The 20 billion Central African francs ($43 million equivalent), five-year tenor bond will be listed on the regional exchange in Libreville and on the Doula Stock Exchange. It will be tax-exempt in all six countries in the Economic and Monetary Community of the Central African zone. The countries are Cameroon, Central African Republic, Chad, Congo, Equatorial Guinea, and Gabon. All proceeds will be reinvested in the zone.

IFC's timing is quite prescient. As the recovery from the crisis continues to be lopsided, strongly favoring emerging markets, there should be substantial outside investor interest in these types local-currency bonds (see previous post).

Furthermore, increased dollar volatility will enhance the attractiveness of local currency bonds in two ways.
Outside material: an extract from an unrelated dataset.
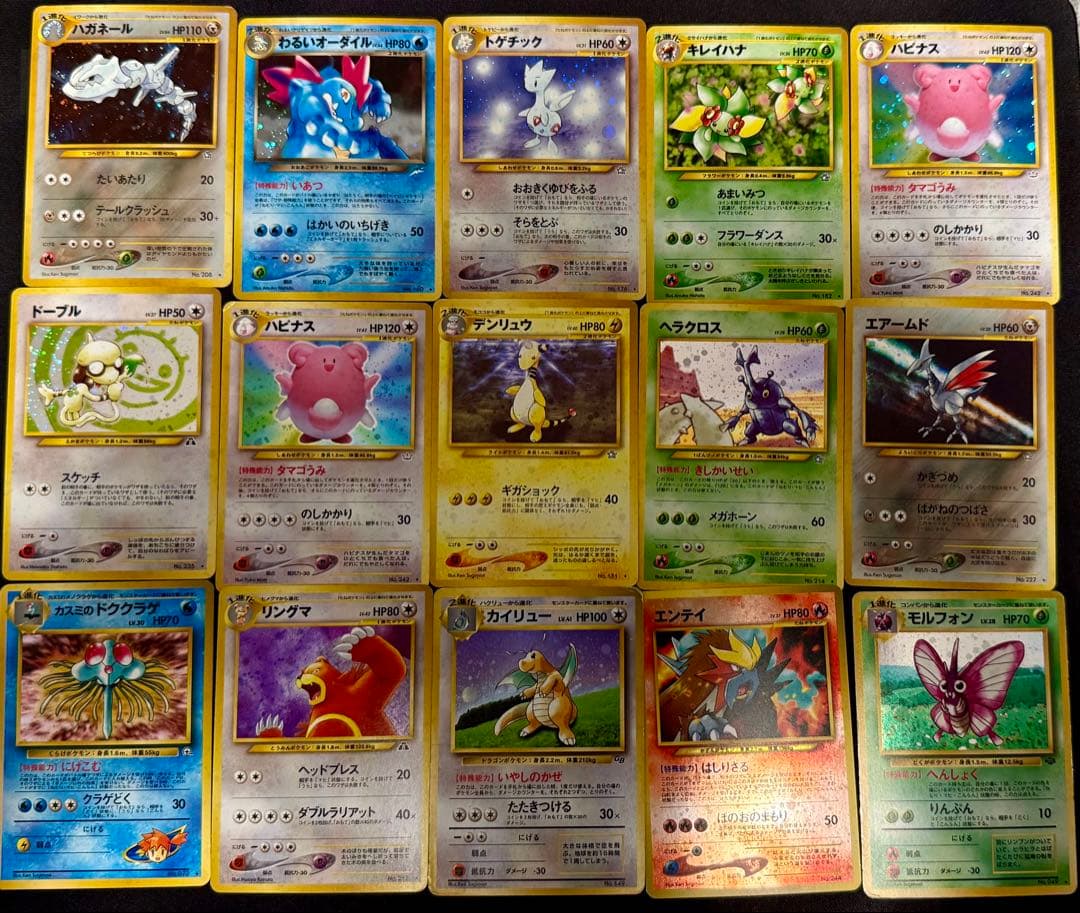 ポケモンカード　旧裏　まとめ売り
First, judging by the market's negative reaction to Ben Bernanke's dollar reassurances, foreign investors should be more willing to take on local currency risk, as they remain convinced that dollar depreciation will continue for some time.

Second, while foreign investors seem sanguine about the dollar's weakness, local investors from fragile emerging markets, such as those in Central Africa, are more likely to recall the dollar's upside potential. Should another crisis occur, triggering a flight to safety along the lines of what we saw in the aftermath of last year's crisis, emerging market currencies will be the first to fall. Local currency bonds offer a layer of insurance against the damage that such a precipitous outflow of capital can cause, making them an attractive option for local businesses and investors alike.